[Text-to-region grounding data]
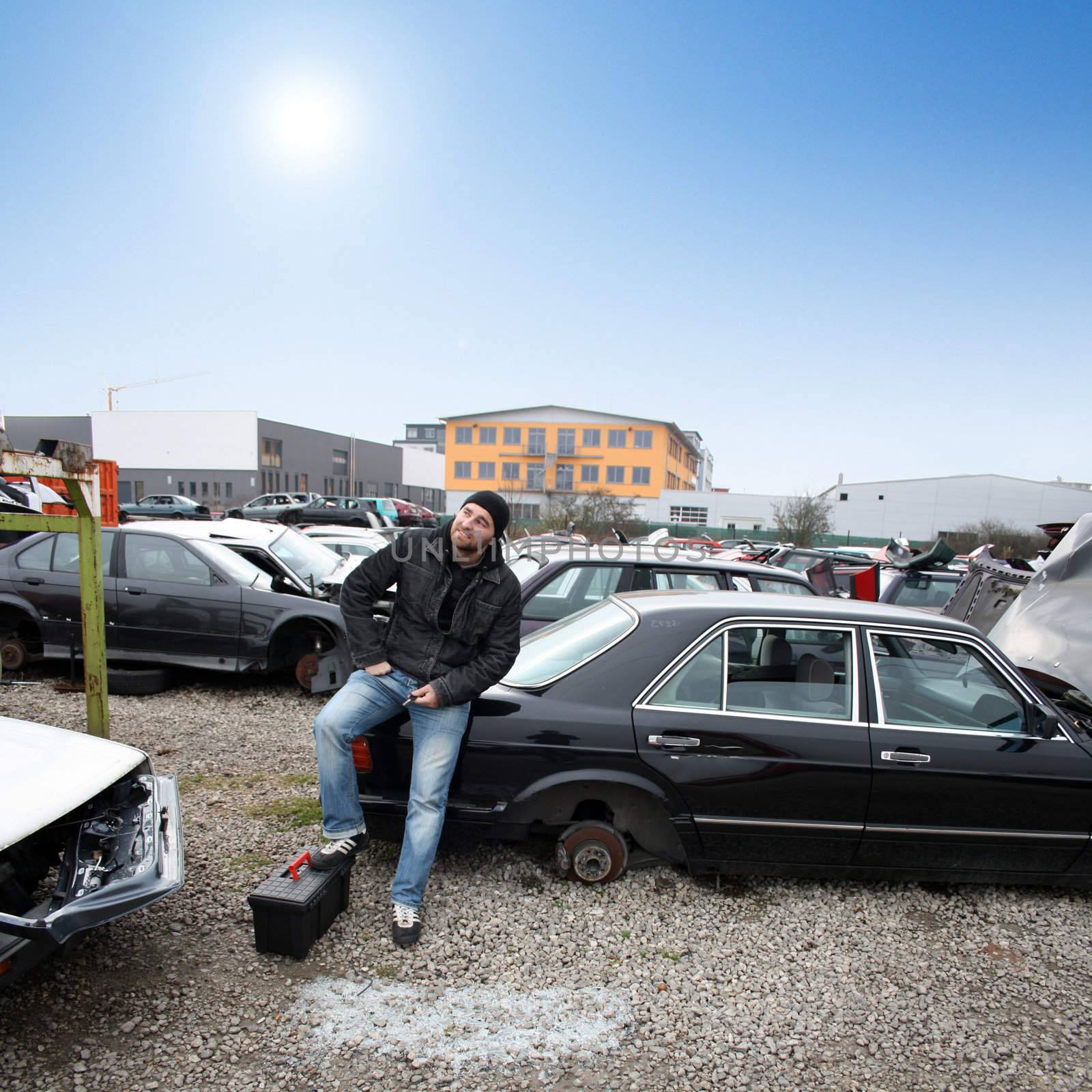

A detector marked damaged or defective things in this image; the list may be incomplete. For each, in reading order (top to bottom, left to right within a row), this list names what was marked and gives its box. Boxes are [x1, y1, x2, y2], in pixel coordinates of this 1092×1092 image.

wrecked car [0, 716, 183, 991]
damaged car front end [0, 721, 183, 987]
wrecked car [0, 521, 351, 690]
wrecked car [351, 590, 1092, 887]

● **WHAT TO DO**:
Exactly retype each record above, dropping images.

● **PROBLEM SOLUTION**:
A detector marked damaged or defective things in this image; the list may be incomplete. For each, in reading order (top to bottom, left to right within a row), this list names what was marked and gives its box. Boxes are [x1, y1, x2, y2], in pixel coordinates of this 1092×1092 image.

wrecked car [0, 716, 183, 991]
damaged car front end [0, 721, 183, 987]
wrecked car [0, 521, 351, 690]
wrecked car [351, 590, 1092, 887]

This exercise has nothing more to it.